─── ENTRIES SHOWN

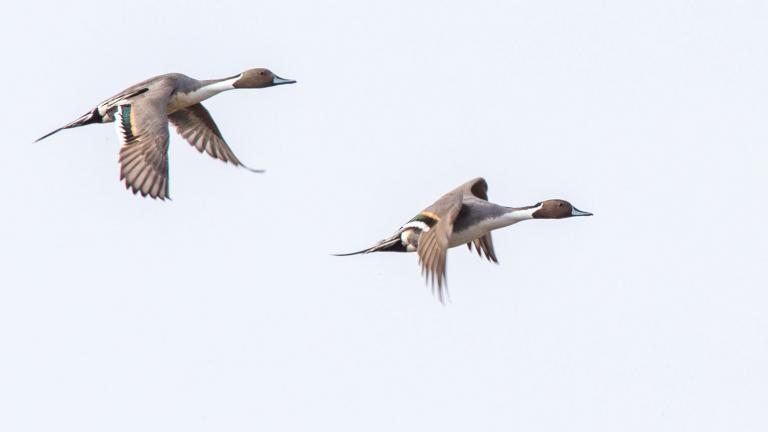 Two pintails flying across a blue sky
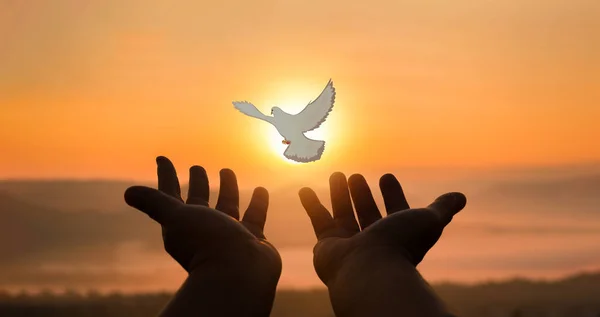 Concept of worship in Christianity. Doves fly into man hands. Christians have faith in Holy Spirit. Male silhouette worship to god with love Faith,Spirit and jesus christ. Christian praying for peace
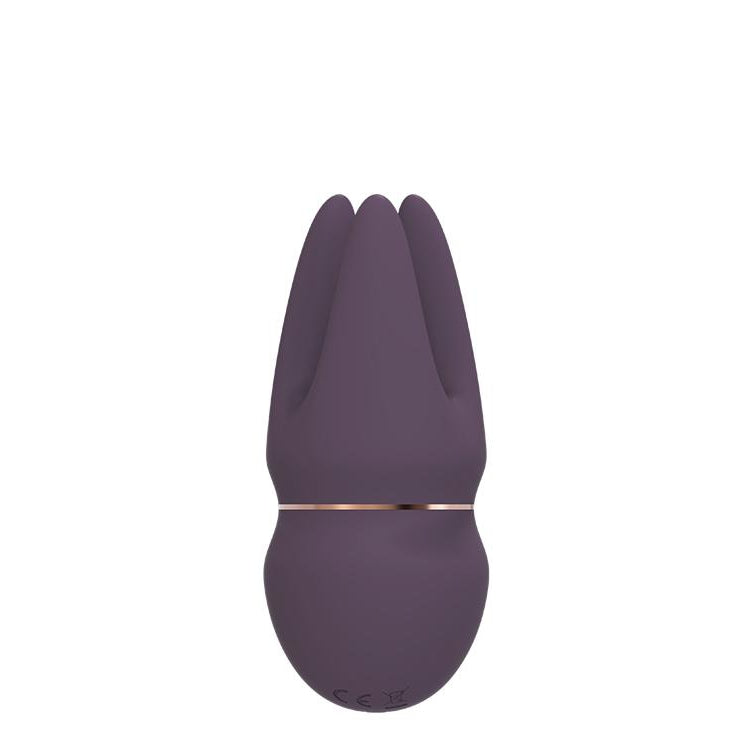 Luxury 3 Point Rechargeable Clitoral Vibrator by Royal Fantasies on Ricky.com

──────
─── ENTRIES SHOWN

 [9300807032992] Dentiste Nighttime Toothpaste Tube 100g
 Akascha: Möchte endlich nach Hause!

──────
─── ENTRIES SHOWN

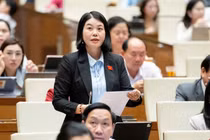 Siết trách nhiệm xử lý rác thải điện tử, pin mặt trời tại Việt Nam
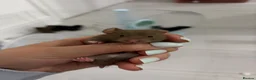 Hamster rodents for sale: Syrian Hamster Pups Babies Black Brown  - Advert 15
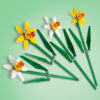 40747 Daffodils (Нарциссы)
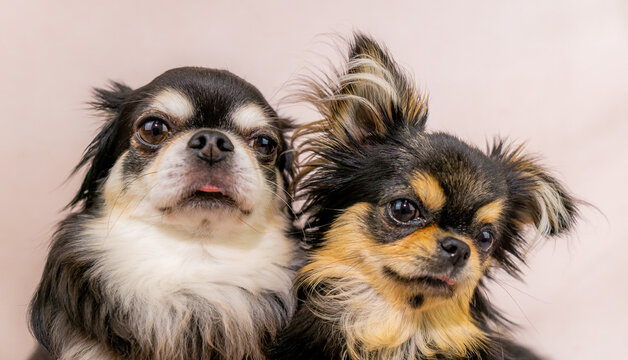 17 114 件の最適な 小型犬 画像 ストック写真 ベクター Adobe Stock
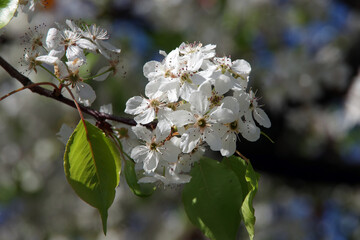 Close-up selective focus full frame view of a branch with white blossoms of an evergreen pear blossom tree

──────

PROBLEM DETAILS | Write out the lines above from the one with "17 114 件の最適な 小型犬 画像 ストック写真 ベクター Adobe Stock" through the one with "Close-up selective focus", ends included, exactly; no picture goes in.

ANSWER BOX |
 17 114 件の最適な 小型犬 画像 ストック写真 ベクター Adobe Stock
 Close-up selective focus full frame view of a branch with white blossoms of an evergreen pear blossom tree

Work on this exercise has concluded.